Output only the lines of the entries that follow, starting at the one with "Prod�m �t��ata mal�ho kn�ra�e." and running down to the one with "hangisinin içinde yer alır?", both included and unchanged.

************

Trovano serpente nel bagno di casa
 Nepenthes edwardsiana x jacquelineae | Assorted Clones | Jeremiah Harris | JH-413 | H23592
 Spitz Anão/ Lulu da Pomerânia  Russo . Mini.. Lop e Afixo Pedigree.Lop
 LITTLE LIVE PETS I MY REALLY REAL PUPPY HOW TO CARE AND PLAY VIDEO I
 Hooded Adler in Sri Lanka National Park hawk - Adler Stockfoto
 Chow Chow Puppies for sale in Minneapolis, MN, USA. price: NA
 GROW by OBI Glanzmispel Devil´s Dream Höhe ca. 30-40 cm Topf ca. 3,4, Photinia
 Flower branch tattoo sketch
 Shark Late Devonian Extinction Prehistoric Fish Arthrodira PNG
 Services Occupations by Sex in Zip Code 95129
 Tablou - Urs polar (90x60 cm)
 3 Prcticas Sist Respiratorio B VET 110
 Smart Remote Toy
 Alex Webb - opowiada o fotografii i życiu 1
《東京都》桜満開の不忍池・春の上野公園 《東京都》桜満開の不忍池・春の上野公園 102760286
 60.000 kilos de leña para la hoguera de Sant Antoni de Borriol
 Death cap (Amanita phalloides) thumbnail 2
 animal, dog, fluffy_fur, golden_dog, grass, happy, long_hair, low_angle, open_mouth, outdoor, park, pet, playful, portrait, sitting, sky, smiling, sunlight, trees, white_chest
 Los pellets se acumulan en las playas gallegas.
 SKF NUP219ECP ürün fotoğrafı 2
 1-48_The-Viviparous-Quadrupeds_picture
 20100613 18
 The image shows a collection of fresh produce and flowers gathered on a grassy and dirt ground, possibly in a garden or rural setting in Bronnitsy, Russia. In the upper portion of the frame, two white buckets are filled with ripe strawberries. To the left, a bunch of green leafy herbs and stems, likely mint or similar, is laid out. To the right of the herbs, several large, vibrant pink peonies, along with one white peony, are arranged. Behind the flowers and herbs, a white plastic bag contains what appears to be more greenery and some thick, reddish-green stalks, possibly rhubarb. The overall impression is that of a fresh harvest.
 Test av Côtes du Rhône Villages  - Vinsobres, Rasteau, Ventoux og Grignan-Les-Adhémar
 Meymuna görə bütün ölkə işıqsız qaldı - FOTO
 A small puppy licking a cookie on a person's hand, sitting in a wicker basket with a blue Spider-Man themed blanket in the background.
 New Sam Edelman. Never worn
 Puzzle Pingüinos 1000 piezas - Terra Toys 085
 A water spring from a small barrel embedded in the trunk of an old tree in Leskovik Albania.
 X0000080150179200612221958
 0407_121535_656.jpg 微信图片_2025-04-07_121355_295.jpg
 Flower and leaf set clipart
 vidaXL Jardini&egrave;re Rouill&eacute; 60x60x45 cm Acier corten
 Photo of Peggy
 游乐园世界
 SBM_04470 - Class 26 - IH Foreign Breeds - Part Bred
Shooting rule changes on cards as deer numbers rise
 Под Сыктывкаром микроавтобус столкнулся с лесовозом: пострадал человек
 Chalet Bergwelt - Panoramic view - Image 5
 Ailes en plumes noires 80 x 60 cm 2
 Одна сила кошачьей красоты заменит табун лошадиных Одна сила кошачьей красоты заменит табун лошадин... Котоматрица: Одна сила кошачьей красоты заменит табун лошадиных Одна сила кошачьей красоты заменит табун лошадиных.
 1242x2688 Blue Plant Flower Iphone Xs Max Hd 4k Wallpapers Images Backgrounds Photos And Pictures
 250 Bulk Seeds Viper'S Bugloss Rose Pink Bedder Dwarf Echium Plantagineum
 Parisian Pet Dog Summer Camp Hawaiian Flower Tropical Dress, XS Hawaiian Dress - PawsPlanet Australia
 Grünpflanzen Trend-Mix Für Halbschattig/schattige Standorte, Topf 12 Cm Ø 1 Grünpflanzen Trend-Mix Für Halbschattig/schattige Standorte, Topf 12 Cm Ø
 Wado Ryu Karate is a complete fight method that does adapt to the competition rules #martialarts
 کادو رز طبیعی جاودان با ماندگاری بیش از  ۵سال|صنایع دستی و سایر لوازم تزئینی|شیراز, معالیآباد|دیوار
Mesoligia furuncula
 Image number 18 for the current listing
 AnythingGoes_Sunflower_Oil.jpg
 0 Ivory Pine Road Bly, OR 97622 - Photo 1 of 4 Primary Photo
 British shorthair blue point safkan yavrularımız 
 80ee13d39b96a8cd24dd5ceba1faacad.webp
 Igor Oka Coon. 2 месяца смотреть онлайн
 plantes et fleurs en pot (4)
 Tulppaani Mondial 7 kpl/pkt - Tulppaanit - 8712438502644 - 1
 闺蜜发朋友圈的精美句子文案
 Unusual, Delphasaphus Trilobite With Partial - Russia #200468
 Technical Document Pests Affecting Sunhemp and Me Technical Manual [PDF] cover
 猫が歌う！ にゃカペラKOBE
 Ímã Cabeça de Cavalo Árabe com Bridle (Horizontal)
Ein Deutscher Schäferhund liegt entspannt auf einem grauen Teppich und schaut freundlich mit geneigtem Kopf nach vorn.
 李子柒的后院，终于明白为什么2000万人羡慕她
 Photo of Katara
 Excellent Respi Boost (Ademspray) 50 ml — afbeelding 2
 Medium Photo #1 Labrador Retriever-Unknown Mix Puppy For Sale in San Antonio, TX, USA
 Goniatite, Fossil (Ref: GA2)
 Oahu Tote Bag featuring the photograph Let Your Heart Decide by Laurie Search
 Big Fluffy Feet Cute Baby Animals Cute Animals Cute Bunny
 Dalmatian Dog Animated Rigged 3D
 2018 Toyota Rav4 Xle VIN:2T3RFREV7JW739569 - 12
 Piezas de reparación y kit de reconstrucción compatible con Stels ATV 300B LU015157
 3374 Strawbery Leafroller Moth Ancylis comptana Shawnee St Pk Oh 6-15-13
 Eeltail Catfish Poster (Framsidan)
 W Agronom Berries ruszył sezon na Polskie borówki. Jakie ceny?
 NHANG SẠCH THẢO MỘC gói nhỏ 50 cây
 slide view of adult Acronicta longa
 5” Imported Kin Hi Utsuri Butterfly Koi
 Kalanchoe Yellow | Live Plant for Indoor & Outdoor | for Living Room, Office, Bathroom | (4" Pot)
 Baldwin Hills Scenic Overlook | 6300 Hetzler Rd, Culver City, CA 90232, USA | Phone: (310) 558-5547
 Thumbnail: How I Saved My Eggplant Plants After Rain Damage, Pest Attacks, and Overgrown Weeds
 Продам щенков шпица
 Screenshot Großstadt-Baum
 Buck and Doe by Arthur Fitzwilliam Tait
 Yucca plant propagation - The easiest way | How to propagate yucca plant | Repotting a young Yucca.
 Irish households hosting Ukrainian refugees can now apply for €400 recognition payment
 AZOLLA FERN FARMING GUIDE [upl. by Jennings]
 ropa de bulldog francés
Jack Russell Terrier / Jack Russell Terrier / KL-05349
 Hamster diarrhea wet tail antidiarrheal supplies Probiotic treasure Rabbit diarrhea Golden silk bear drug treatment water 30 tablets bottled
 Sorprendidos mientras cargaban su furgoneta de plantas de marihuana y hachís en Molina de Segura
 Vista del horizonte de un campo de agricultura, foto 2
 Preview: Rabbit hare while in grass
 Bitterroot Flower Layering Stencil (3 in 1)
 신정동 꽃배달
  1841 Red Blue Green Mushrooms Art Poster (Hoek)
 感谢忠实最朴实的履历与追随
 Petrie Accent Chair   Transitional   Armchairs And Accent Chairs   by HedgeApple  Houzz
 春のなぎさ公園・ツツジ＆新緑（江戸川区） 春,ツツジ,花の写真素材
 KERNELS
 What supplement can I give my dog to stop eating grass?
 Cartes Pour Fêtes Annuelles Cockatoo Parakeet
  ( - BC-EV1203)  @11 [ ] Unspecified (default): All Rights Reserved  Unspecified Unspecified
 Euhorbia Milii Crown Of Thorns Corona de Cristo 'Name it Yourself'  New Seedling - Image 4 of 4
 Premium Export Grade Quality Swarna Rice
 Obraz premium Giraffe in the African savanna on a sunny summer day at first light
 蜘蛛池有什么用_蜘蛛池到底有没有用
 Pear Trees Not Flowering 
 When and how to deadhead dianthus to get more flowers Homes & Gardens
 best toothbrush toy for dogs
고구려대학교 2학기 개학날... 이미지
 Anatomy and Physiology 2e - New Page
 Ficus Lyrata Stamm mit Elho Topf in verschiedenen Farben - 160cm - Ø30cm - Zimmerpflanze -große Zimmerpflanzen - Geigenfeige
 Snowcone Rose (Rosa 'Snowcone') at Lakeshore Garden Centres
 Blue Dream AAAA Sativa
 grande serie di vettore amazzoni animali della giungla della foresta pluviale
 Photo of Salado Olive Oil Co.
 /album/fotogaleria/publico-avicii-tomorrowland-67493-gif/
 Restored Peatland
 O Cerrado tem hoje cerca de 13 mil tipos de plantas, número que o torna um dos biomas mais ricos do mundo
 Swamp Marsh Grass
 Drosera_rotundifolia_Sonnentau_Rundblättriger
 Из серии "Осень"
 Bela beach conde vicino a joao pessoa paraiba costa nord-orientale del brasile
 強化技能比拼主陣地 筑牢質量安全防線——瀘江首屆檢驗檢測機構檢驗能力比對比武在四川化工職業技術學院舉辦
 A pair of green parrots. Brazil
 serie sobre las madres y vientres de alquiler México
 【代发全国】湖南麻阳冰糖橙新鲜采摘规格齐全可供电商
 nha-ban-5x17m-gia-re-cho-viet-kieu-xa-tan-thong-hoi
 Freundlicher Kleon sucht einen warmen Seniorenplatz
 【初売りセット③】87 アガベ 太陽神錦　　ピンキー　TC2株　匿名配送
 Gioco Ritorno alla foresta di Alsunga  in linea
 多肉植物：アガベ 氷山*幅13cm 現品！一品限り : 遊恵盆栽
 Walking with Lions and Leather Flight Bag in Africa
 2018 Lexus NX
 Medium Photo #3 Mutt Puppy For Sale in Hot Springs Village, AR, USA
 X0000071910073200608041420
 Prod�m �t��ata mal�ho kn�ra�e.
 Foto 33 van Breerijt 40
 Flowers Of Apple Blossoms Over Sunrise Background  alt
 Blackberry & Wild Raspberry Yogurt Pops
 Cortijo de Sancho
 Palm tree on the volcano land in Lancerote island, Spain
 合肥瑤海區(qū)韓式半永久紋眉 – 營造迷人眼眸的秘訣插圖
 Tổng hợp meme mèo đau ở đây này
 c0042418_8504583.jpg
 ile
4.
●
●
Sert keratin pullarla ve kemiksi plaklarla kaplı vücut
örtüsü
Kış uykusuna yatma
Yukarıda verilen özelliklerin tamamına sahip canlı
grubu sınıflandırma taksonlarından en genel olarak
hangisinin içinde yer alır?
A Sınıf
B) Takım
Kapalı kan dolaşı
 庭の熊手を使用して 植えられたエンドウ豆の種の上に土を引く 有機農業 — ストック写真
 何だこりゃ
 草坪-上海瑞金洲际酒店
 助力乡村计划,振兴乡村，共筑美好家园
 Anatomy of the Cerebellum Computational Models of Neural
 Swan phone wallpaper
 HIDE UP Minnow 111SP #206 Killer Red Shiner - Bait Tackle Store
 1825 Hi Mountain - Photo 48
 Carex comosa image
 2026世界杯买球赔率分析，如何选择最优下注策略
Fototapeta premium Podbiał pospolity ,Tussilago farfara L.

************

- [Task result]:
 Prod�m �t��ata mal�ho kn�ra�e.
 Foto 33 van Breerijt 40
 Flowers Of Apple Blossoms Over Sunrise Background  alt
 Blackberry & Wild Raspberry Yogurt Pops
 Cortijo de Sancho
 Palm tree on the volcano land in Lancerote island, Spain
 合肥瑤海區(qū)韓式半永久紋眉 – 營造迷人眼眸的秘訣插圖
 Tổng hợp meme mèo đau ở đây này
 c0042418_8504583.jpg
 ile
4.
●
●
Sert keratin pullarla ve kemiksi plaklarla kaplı vücut
örtüsü
Kış uykusuna yatma
Yukarıda verilen özelliklerin tamamına sahip canlı
grubu sınıflandırma taksonlarından en genel olarak
hangisinin içinde yer alır?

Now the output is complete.